No, it’s actually not. If the textures have been precreated and prerendered with (to force their allocation on the GPU), you can trickle page texture content onto the GPU easily without causing big frame rate hickups much less frame breakage. Texture allocation and deallocation is where you start biting big performance hits. And that’s the point of my e-mail – we need a way to get around the crazy expense of that and make efficient and dynamic use of GPU memory for textures of varying formats.

No, not in my experience. Dynamic allocation and deallocation of memory on the GPU can cause reorganization of memory, performance hickups you can’t control (other than to remove the allocs/frees), and in some circumstances can stabilize in a situation where your steady-state frame rate is reduced to 1/2 to 1/3 your normal frame rate.

I haven’t done any measuring but my (naive?) expectation is that the glTexStorageD() calls are fast and the glTexSubImageD() are the ones consuming lots of time.

Keep in mind that ordinary texture allocation (ala glTexImageD(NULL) and presumably glTexStorageD) doesn’t actually do anything on the GPU (as far as I have seen). Texture uploads don’t either. It’s when you actually kick the GPU and tell it you want to render with one right now that the actual GPU-side allocation and uploads often happen, and that can be the expensive part.

If the former really are the bottleneck for your application Dark Photon, can you perhaps limit the number of texture allocations you do per frame and skip rendering objects that don’t have all their resources loaded yet?

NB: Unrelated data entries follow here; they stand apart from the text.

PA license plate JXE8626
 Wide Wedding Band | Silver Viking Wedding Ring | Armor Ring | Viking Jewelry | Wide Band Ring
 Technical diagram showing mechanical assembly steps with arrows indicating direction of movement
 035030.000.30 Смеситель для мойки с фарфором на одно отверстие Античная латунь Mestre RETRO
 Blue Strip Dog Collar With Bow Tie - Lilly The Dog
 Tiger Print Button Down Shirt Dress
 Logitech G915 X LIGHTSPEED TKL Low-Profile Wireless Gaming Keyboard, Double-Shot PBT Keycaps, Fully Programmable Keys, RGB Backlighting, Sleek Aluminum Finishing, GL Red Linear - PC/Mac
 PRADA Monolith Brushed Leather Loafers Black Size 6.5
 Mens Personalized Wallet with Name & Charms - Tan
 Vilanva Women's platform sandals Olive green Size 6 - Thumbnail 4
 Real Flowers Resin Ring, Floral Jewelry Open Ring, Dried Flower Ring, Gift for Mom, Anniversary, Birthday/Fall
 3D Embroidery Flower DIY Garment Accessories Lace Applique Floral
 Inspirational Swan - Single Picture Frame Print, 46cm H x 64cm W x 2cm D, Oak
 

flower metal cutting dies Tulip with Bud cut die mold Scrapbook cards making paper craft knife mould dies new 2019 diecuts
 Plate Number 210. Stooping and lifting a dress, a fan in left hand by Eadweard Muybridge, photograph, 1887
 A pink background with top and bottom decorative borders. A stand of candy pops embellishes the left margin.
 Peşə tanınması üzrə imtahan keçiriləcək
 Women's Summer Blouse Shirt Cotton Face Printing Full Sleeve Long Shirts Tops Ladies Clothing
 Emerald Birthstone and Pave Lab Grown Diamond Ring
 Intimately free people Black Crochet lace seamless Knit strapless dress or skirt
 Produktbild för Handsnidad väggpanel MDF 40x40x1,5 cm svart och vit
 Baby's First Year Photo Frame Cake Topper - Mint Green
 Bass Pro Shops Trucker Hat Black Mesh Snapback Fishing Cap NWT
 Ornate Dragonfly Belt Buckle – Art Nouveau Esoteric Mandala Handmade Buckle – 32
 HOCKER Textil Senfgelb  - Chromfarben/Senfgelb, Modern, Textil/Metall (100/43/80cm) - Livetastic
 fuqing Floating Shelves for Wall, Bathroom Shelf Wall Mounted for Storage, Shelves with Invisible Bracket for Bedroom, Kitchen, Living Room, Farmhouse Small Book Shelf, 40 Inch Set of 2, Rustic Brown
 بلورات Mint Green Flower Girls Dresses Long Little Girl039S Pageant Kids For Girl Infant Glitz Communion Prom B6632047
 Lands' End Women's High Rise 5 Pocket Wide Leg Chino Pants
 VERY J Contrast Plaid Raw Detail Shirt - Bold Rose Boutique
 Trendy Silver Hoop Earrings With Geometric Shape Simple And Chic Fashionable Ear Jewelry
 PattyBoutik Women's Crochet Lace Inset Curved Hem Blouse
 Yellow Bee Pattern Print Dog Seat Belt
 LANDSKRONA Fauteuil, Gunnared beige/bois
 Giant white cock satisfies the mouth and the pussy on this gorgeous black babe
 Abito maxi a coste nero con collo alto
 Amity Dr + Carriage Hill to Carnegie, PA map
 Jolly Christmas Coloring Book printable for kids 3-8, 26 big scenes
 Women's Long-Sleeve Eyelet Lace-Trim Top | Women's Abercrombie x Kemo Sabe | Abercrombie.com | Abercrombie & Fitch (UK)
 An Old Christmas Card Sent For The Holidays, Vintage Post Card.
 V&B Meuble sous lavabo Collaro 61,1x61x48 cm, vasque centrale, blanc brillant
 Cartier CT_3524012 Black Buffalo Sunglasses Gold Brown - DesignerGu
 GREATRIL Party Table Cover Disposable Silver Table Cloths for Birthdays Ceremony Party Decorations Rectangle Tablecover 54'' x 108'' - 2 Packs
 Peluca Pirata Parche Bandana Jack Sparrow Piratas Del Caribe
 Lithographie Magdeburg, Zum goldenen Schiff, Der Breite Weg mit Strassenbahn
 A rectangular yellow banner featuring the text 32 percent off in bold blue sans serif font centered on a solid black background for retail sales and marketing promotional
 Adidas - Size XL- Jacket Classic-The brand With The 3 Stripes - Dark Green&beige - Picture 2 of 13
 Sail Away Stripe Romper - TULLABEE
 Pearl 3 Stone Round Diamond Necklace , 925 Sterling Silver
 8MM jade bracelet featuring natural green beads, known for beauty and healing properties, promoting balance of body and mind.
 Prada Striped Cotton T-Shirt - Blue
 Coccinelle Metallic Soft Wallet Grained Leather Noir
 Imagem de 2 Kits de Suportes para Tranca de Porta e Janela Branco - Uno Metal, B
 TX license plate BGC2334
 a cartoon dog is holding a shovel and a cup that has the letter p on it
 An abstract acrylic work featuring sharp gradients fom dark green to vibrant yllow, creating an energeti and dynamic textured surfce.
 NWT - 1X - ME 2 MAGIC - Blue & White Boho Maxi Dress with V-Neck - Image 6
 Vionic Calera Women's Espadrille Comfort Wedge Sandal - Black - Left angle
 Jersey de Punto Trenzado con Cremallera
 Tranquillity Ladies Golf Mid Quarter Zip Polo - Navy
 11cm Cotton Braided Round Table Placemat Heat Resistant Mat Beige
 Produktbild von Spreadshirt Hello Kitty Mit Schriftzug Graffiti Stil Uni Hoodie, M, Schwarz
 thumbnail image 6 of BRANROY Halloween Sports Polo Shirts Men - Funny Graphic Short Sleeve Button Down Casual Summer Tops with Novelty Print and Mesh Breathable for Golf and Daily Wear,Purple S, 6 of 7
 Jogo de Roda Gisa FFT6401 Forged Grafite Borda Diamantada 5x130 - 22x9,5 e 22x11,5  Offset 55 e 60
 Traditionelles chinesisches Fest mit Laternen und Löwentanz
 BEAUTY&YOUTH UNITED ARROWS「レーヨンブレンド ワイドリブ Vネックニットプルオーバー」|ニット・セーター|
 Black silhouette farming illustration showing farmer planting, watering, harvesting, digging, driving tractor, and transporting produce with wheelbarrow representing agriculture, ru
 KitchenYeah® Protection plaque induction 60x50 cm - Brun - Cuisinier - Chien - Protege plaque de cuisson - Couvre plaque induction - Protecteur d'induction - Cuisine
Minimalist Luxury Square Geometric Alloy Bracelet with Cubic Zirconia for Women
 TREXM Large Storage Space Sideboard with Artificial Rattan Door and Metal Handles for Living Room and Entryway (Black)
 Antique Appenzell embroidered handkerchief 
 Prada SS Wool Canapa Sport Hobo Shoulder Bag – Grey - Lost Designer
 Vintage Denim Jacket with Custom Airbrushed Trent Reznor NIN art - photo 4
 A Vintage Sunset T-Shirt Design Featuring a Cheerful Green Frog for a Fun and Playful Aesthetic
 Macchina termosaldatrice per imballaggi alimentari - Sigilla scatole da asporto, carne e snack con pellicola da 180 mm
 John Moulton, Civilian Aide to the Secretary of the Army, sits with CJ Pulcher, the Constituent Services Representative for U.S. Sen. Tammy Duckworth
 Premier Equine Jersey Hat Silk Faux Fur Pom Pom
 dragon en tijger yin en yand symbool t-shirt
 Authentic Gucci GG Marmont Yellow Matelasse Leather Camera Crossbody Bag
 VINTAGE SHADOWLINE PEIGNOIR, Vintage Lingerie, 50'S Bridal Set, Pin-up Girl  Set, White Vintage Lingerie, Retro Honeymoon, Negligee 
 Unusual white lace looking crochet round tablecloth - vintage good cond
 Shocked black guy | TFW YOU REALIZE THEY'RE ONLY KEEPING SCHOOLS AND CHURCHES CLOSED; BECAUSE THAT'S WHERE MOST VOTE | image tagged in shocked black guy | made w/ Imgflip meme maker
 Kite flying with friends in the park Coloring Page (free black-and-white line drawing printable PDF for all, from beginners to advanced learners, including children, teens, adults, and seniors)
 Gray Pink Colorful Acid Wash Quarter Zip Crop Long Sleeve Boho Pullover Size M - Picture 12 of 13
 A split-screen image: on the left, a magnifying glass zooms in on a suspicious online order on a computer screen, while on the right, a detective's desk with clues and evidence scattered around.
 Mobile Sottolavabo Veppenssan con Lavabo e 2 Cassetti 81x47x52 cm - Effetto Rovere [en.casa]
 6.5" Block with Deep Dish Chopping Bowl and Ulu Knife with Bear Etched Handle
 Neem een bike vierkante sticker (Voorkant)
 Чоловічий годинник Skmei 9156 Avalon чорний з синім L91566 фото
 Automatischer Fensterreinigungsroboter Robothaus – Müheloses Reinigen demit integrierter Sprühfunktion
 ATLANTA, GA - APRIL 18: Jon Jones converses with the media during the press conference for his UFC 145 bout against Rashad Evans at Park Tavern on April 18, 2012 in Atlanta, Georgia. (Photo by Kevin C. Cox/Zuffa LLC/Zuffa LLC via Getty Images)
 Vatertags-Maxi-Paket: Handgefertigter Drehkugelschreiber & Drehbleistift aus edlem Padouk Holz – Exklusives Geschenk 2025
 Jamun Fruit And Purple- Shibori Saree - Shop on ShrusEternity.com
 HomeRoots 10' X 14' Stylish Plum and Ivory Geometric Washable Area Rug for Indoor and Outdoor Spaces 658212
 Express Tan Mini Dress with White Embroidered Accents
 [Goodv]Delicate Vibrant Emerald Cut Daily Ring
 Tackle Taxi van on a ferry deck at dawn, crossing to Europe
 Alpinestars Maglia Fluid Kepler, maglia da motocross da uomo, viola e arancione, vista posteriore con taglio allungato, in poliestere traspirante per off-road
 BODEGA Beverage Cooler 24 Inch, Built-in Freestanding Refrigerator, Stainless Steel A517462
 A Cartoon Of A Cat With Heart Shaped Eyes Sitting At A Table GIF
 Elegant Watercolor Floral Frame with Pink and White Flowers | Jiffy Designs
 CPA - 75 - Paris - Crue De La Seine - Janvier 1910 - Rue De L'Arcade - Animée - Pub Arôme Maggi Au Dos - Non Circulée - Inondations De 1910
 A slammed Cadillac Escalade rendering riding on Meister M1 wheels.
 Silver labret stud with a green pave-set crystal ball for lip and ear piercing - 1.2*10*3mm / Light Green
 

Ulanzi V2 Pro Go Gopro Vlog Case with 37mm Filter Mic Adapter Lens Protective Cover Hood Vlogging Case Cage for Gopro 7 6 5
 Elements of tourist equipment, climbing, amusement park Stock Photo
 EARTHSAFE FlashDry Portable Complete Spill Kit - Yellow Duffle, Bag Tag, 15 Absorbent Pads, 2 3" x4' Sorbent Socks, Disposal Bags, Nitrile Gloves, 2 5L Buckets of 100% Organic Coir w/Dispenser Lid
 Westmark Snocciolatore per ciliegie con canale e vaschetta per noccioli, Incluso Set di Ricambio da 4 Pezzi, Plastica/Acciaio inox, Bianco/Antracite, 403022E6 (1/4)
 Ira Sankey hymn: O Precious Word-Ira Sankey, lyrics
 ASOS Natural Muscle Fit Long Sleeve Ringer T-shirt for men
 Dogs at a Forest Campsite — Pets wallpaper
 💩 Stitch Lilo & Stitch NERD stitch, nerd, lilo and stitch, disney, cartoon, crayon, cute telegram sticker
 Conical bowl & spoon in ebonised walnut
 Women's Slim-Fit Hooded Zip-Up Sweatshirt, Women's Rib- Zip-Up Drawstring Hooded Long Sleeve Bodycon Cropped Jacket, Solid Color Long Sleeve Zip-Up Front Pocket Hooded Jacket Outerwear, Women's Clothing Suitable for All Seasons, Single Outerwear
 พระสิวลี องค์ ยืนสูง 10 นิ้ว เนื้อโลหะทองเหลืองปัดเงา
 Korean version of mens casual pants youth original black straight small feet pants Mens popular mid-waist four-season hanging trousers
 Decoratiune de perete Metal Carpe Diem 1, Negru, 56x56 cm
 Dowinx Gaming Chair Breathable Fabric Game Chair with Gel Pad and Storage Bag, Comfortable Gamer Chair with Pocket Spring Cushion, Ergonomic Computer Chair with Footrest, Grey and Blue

Hopefully my comment above addressed this, but I try to avoid doing any texture allocations per frame (“especially” big ones) to avoid serious performance problems.

[QUOTE=Dark Photon;1254179]
No, it’s actually not. If the textures have been precreated and prerendered with (to force their allocation on the GPU), you can trickle page texture content onto the GPU easily without causing big frame rate hickups much less frame breakage. Texture allocation and deallocation is where you start biting big performance hits. And that’s the point of my e-mail – we need a way to get around the crazy expense of that and make efficient and dynamic use of GPU memory for textures of varying formats.[/QUOTE]

This part, i don’t quite get. How do you “force allocation on GPU” without allocating and uploading texture to VRAM and where can you apply such technique? I think most people would use functionality you’re talking about to aid arbitrary texture streaming. To save video memory and use it more efficiently, trying to have only textures\data, that is potentially on screen, where typeless, coherent data-pool for textures would be quite useful. But that requires uploading textures to VRAM during rendering, really fast and unpredictably.

I wasn’t saying that you could. What I’m saying is that when you create and initially populate textures via the GL API, you’re often just doing so with a copy of the texture in CPU memory. If you then flip a bunch of them in-view and try to draw with them, you’ll get a huge frame time spike because none of them are actually on the GPU yet. Thus the need to prerender with them to force the driver to actually allocate them in GPU memory.

I just realized something. You can use view-texture aliases to achieve at least some of what you want. It doesn’t give you everything you want, since you can only alias formats between textures of the same pixel size. So you can’t pretend that a DXT5 texture is a DXT1 texture of twice the width or something.

But, through the use of 2D array textures, you can pretty much dole out anything, from cubemaps to just 2D textures, to whatever. With full mipmap pyramids and everything.

Obviously, there are limitations for this approach. Specifically, that it wastes a lot of memory if all of the textures are not the same size. And the format limitations I mentioned earlier. But it could work for some of the more egregious cases.

Thanks! I’ll definitely read up on that.

Unfortunately, in our use cases there typically is only one format used with a specific avg size per-texel. Of format and res, res is of course the memory killer of those two axes (e.g. you can’t make everything 4096^2 maps).